Survey: Consumers Unaware Of Common ATM Security Threats
Wincor Nixdorf recently announced that, according to its recent survey, consumers are largely unaware of major security threats at their ATMs -- but would switch banks if another institution demonstrated that it provided more secure ATMs.
The study polled the knowledge, preferences and trends around ATM security of consumers based in the United States. The survey revealed that, despite an overwhelming concern about ATM fraud, the majority of consumers are unaware of popular fraud tactics, such as ATM card skimming. Skimming causes $350,000 in monetary losses each day and is occurring five times more frequently this year than ever before, according to the Secret Service.
Additionally, the majority of consumers agreed that if another bank offered significantly more advanced ATM security, they would switch banks.
"The ATM has become the primary customer touch point for many financial institutions, so it is critical that retail banks offer the most sophisticated security software to protect their customers,” said David Hadesty, vice president of product management for Wincor Nixdorf’s U.S. Banking Division. “Now, more than ever -- if you are a retail bank that does not make investments in advanced ATM security, you are at risk of losing both money and customers.”

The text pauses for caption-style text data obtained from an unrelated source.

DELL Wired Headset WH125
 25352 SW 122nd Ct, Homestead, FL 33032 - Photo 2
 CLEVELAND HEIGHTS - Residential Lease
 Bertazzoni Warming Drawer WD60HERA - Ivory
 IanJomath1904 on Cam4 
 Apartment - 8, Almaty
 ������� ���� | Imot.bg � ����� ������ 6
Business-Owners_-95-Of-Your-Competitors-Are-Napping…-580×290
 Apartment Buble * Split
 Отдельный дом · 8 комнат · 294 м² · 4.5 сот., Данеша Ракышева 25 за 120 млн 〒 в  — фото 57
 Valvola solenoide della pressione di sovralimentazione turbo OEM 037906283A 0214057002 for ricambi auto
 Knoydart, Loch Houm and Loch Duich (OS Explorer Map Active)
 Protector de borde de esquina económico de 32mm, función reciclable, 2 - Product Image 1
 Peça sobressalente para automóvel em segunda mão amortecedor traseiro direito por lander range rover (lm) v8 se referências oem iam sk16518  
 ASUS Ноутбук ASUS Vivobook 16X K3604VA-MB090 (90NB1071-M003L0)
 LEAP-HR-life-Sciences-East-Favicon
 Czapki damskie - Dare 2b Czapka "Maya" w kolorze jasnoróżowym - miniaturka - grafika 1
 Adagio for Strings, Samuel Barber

Wincor Nixdorf’s expanded security solution portfolio offers protection from high-tech thieves to counteract the growing number of manipulation attempts at self-service systems. The new Anti-Skimming II Module and the use of optical monitoring technology mean that future attacks on ATMs can be prevented. These new components are part of the extensive ProTect portfolio, which offers retail banks solutions for the comprehensive protection of their processes and external delivery channels.
The Anti-Skimming II Module thwarts attempts to steal card data at ATMs when skimming devices are attached to the card entry slot and the customer’s PIN is stolen. The module recognizes a wide variety of skimmers when they are mounted on the ATM and disrupts them in their attempts to read card data. If a suspicious device is detected, the system initiates a silent alarm. Follow-up actions, such as video monitoring and recording, can also be triggered.